Loomis relayed some of the words and feelings expressed by fellow veterans during their time together. For instance: “As we veterans get older, we mostly only remember and talk about the funny stuff that we saw and did; it wasn’t always that funny.”
Standing at the Vietnam Memorial Wall: “These are the REAL heroes of the war in ‘Nam.”
On Sunday afternoon, at the Rochester Airport, homecoming parade: “Now, at last, I’m feeling like I’m finally home.”
Nancy Damore, 78, of Rochester explained her reason for volunteering in a variety of roles for Honor Flight.

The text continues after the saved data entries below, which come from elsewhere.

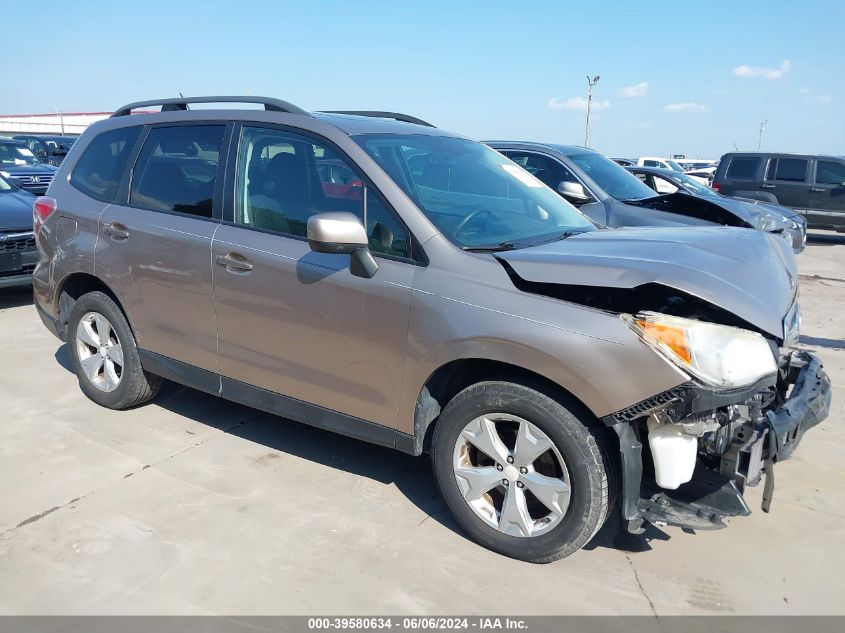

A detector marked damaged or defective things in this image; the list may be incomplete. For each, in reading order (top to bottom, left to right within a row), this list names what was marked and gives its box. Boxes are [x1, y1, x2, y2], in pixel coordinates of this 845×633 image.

crumpled hood [0, 189, 36, 231]
damaged silver suv [33, 97, 832, 564]
crumpled hood [498, 225, 796, 338]
broken headlight [624, 312, 776, 390]
car front end damage [604, 344, 828, 536]
detached front bumper [608, 348, 832, 532]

“My brother is a Vietnam War veteran and I have always been taken with the TV ads for veterans’ organizations such as Wounded Warriors. I realized that their needs did not match what I had to offer. I was excited to learn from the internet about a local opportunity, Honor Flight Rochester,” she said. “I have worked in crowd control and at the merchandise table at the airport. As a caller I worked with veterans to tell them about their upcoming trip, including the itinerary and the process for selecting a guardian. Now I am one of the people who cheer the veterans as they parade through the airport.”

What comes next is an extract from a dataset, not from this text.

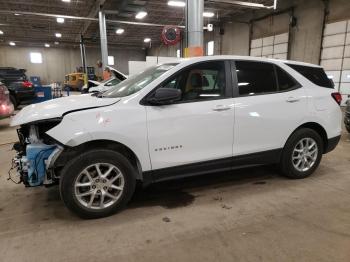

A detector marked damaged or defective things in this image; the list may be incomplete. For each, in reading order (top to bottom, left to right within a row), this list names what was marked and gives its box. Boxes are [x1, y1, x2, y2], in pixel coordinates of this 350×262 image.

crumpled hood [10, 94, 120, 127]
front-end collision damage [8, 118, 63, 186]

Miguel Llano, 75, lives in Brighton. He was raised in Geneva when his family moved from Puerto Rico as part of Operation Bootstrap. His father worked at the Seneca Army Depot. Llano was drafted when he was 19 and served 32 years in the Army. He was a radio operator in Vietnam and served 1.5 tours. (He extended his Vietnam tour so his brother would not have to go). He also served as a master sergeant in Desert Storm. In addition to the Bronze Star for Valor, he was awarded 13 other commendations.
“I had a wonderful surprise during Honor Flight. Another vet heard my name on the speaker in the dining room,” he said. It was his childhood friend Alberto Ortiz Baez who he hadn’t seen in more than 50 years. “We had been friends years ago in Geneva and lost touch. To see him on the Honor Flight was a shock — a wonderful one.

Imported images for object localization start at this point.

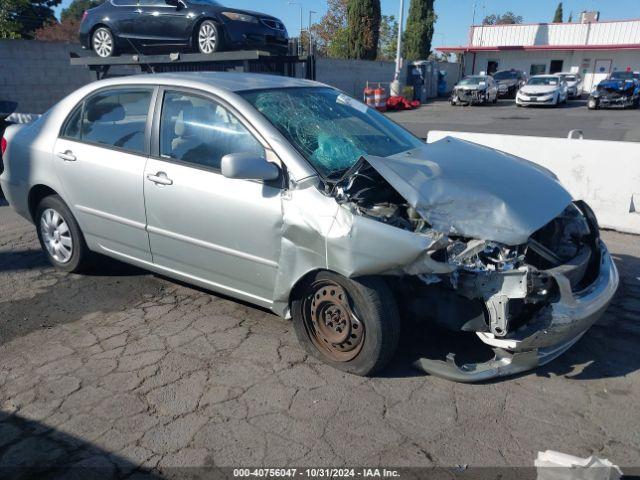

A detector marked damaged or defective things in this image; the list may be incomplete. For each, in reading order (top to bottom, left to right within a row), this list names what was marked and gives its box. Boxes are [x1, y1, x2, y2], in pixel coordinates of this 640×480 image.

damaged kia sedan [0, 73, 620, 382]
damaged silver sedan [1, 73, 620, 380]
cracked pavement [0, 199, 636, 476]
shattered windshield [240, 87, 424, 177]
crumpled hood [362, 138, 572, 244]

“My 43-year-old son, Miguel, was my guardian. It was great to spend time with him and talk about things I had never shared with him when he was younger. He said it was amazing how we saw men that his father had never met and yet there was an immediate bond because of their shared experience. When I first came home decades ago, it was like the parting of the Red Sea. People walked away from us. Other guys had it worse. When we arrived home this time, we were cheered and thanked. He said, ‘Dad, write a book for your grandchildren. You have seen and done so much.’”
His granddaughter Amaya said, “I knew about the Vietnam War, but my papi never talked about it. Being there for him now was very important to me.”
Funding for Honor Flight comes from individual donations, testamentary bequests, corporations, grants, employer matches, military organizations (Vietnam Veterans of America-Chapter 20, American Legion Posts, VFW Posts), clubs and organizations, fire departments, schools, churches, scouts and service clubs.